** Exercise aim **
Give the entries again exactly; drop the pictures.

** Exercise material **

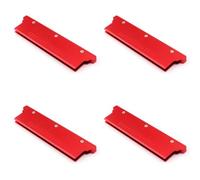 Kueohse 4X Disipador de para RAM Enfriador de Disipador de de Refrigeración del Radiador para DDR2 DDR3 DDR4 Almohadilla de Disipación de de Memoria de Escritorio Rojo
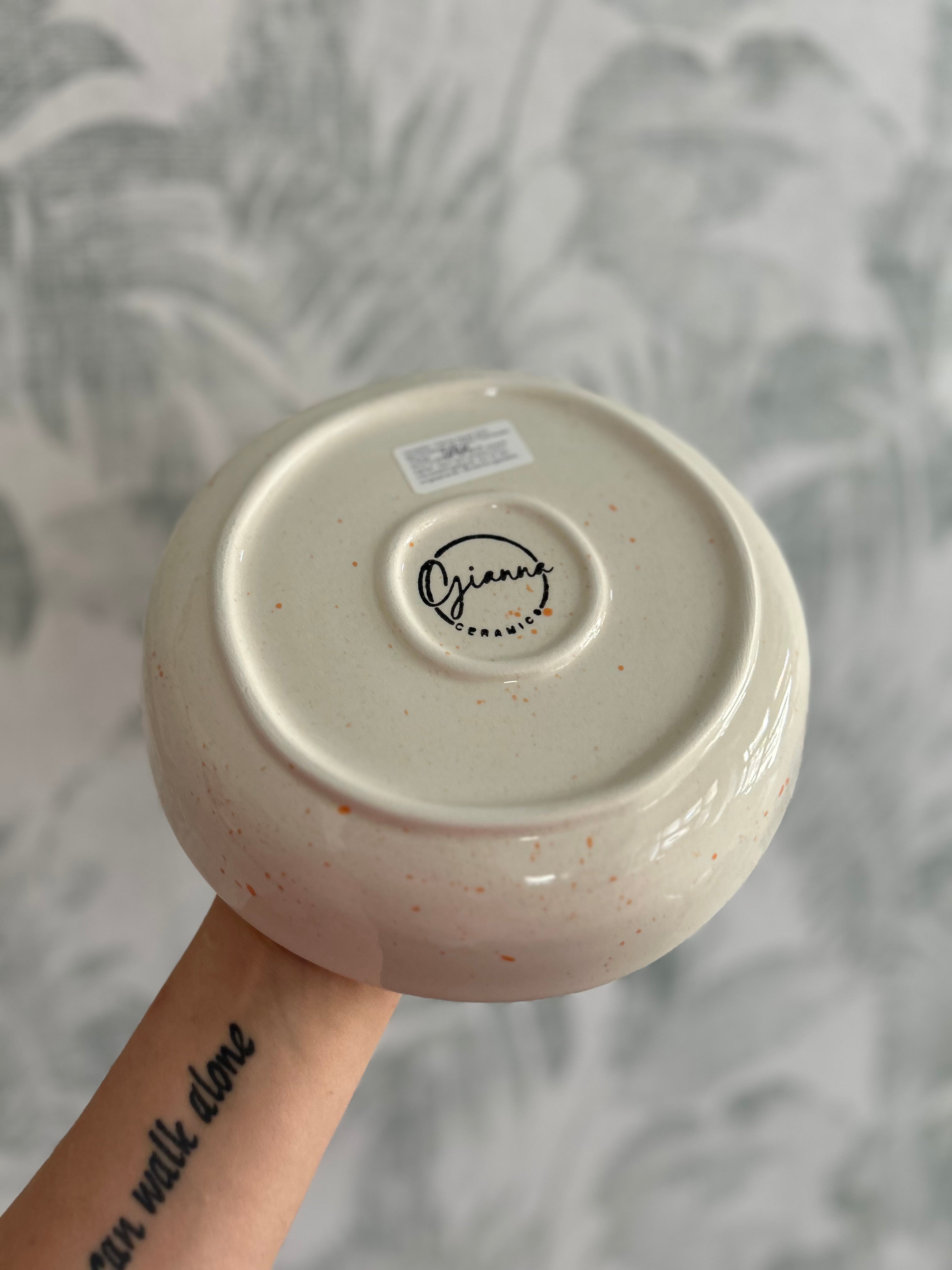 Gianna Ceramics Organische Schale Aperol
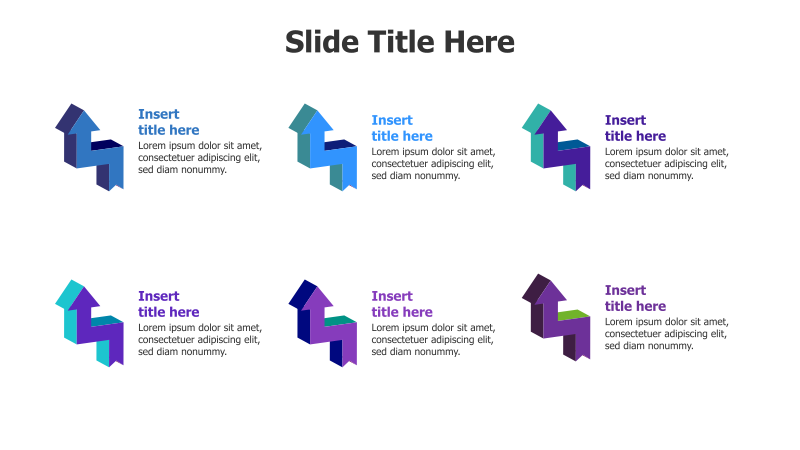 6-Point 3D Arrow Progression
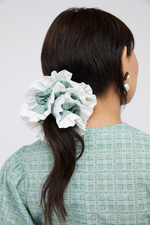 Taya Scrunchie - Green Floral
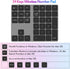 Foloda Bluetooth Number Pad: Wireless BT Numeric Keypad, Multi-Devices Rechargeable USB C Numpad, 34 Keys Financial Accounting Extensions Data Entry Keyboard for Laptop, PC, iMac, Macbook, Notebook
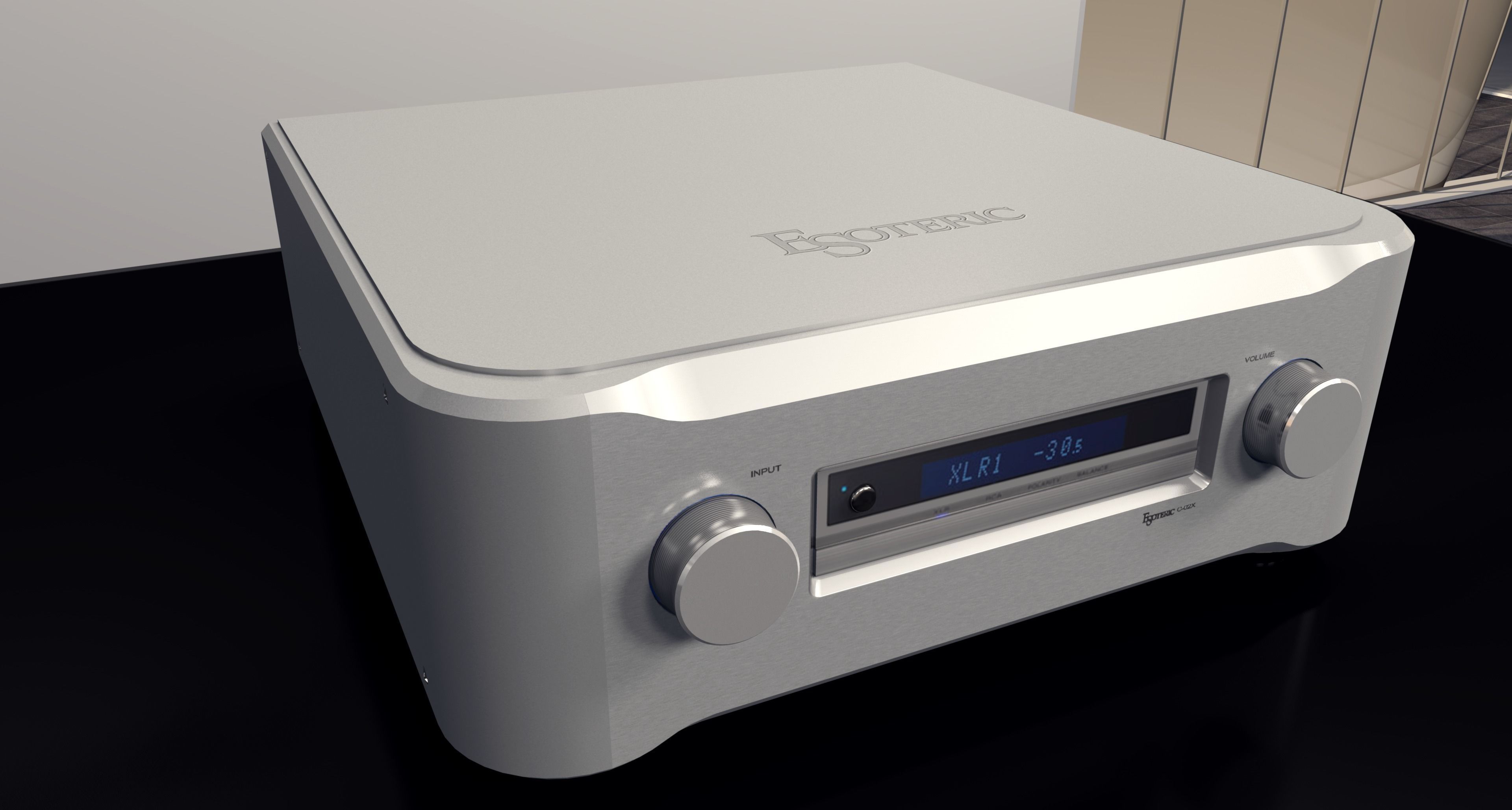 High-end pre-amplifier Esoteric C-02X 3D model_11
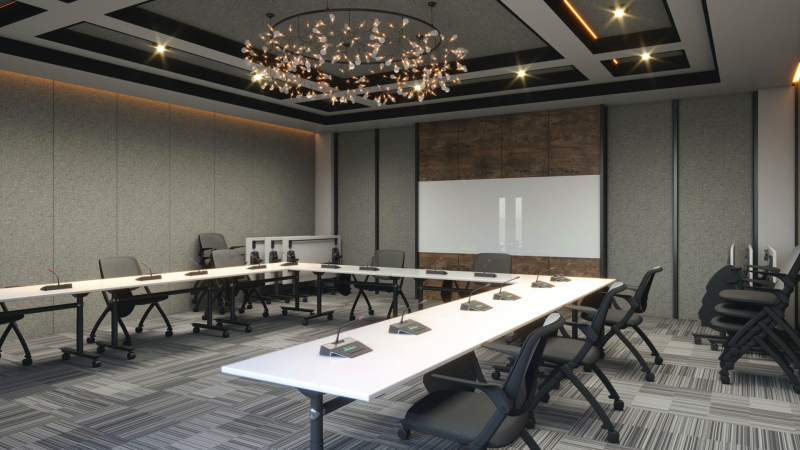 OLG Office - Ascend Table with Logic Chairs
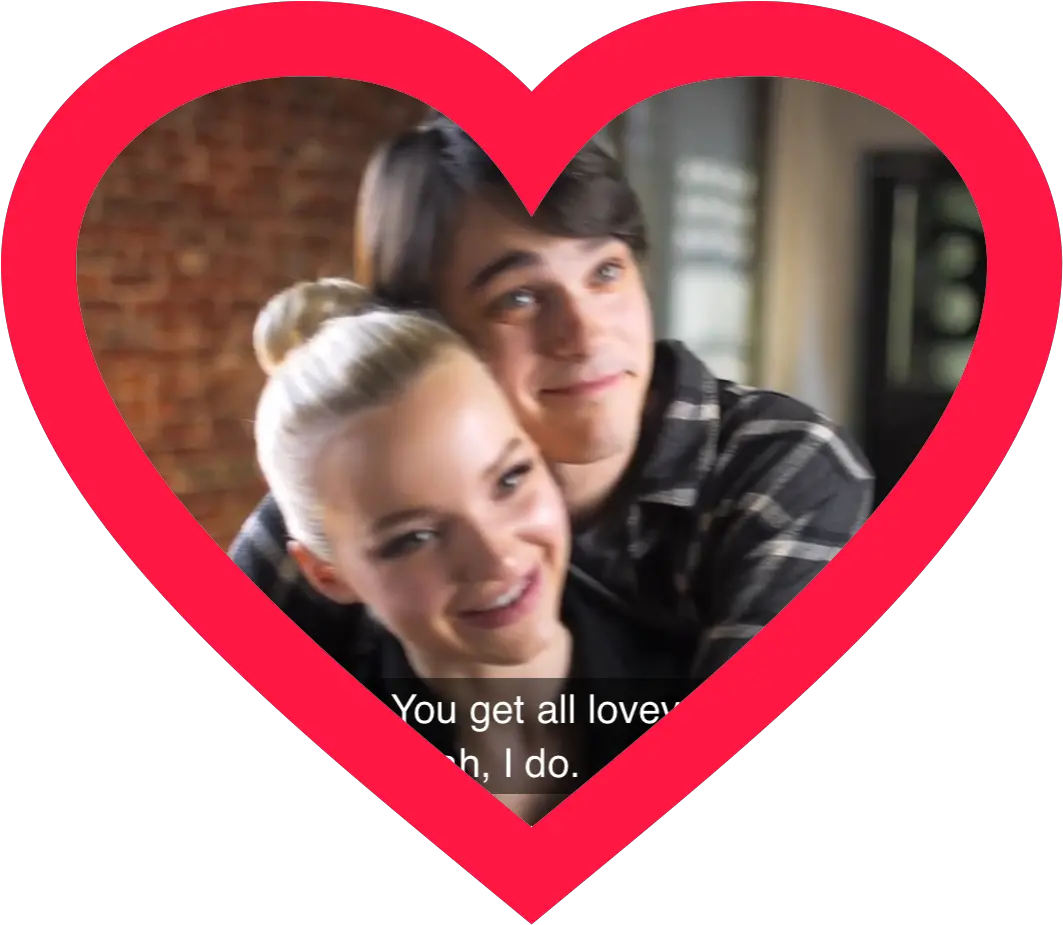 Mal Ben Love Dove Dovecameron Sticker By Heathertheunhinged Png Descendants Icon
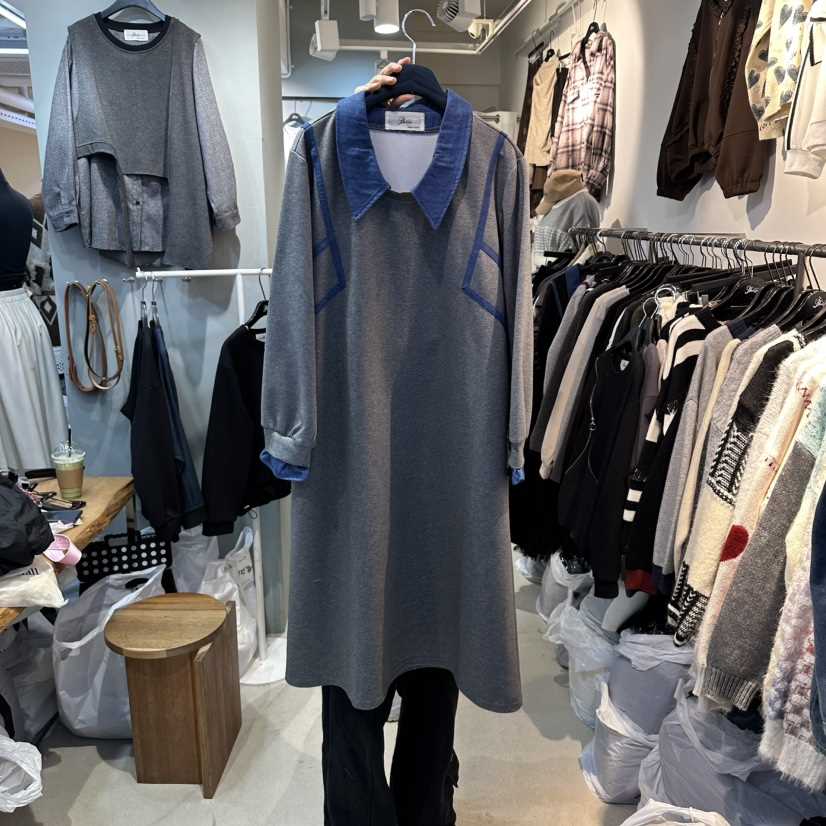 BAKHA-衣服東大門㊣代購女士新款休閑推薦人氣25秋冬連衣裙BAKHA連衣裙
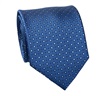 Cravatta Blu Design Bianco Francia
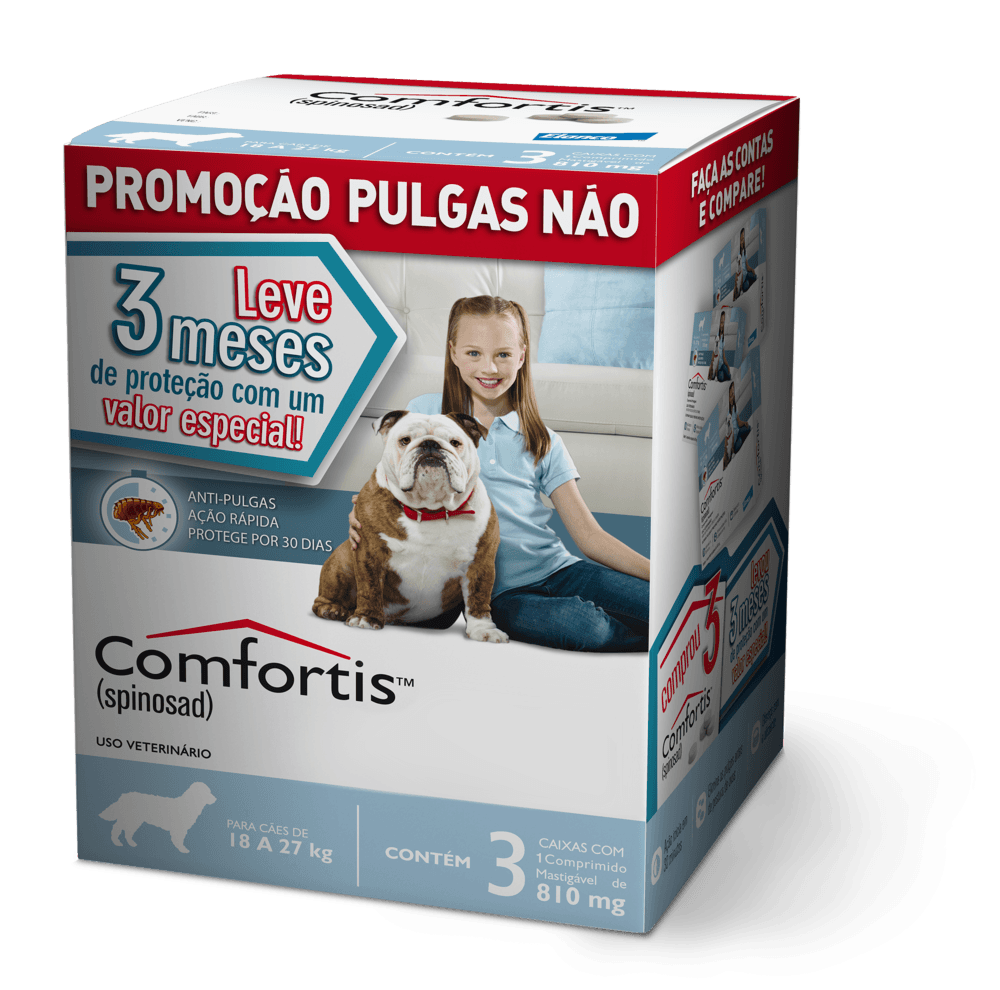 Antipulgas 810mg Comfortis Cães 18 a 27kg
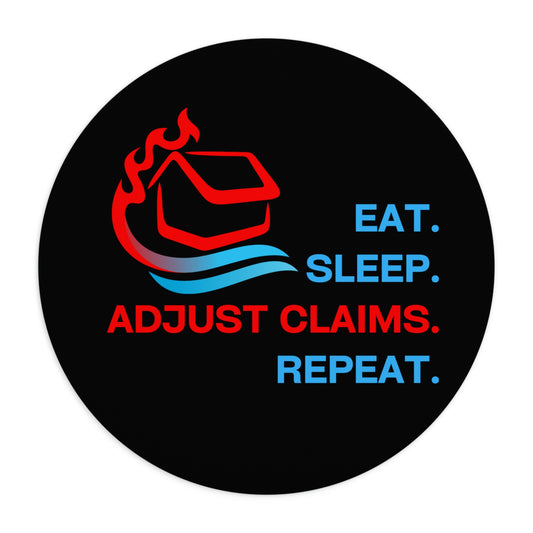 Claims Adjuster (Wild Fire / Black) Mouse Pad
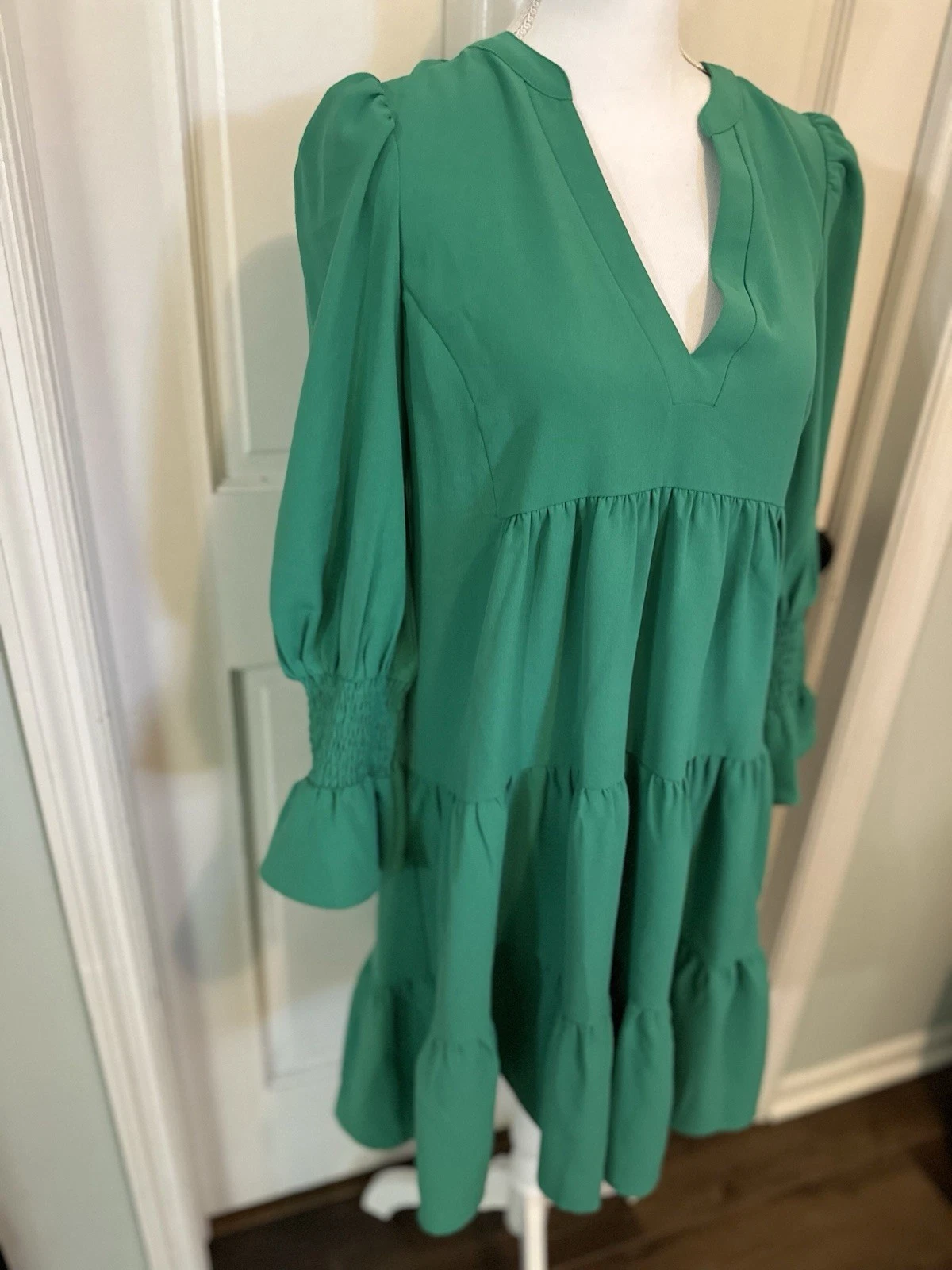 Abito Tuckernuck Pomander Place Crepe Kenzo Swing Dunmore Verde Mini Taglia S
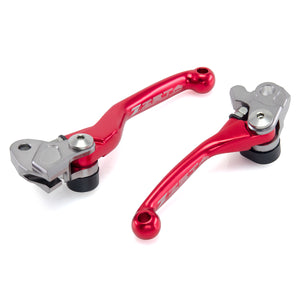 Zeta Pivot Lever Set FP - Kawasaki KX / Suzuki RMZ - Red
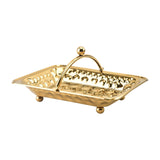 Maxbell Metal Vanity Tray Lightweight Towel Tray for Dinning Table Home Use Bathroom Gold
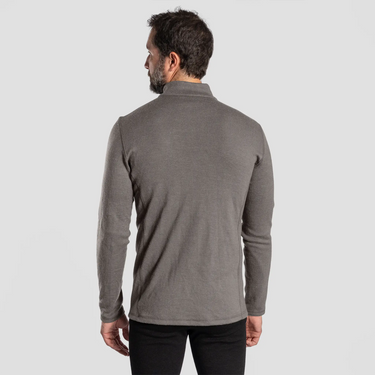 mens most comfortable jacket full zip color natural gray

** Reply to the task **
 Kueohse 4X Disipador de para RAM Enfriador de Disipador de de Refrigeración del Radiador para DDR2 DDR3 DDR4 Almohadilla de Disipación de de Memoria de Escritorio Rojo
 Gianna Ceramics Organische Schale Aperol
 6-Point 3D Arrow Progression
 Taya Scrunchie - Green Floral
 Foloda Bluetooth Number Pad: Wireless BT Numeric Keypad, Multi-Devices Rechargeable USB C Numpad, 34 Keys Financial Accounting Extensions Data Entry Keyboard for Laptop, PC, iMac, Macbook, Notebook
 High-end pre-amplifier Esoteric C-02X 3D model_11
 OLG Office - Ascend Table with Logic Chairs
 Mal Ben Love Dove Dovecameron Sticker By Heathertheunhinged Png Descendants Icon
 BAKHA-衣服東大門㊣代購女士新款休閑推薦人氣25秋冬連衣裙BAKHA連衣裙
 Cravatta Blu Design Bianco Francia
 Antipulgas 810mg Comfortis Cães 18 a 27kg
 Claims Adjuster (Wild Fire / Black) Mouse Pad
 Abito Tuckernuck Pomander Place Crepe Kenzo Swing Dunmore Verde Mini Taglia S
 Zeta Pivot Lever Set FP - Kawasaki KX / Suzuki RMZ - Red
 Maxbell Metal Vanity Tray Lightweight Towel Tray for Dinning Table Home Use Bathroom Gold
 mens most comfortable jacket full zip color natural gray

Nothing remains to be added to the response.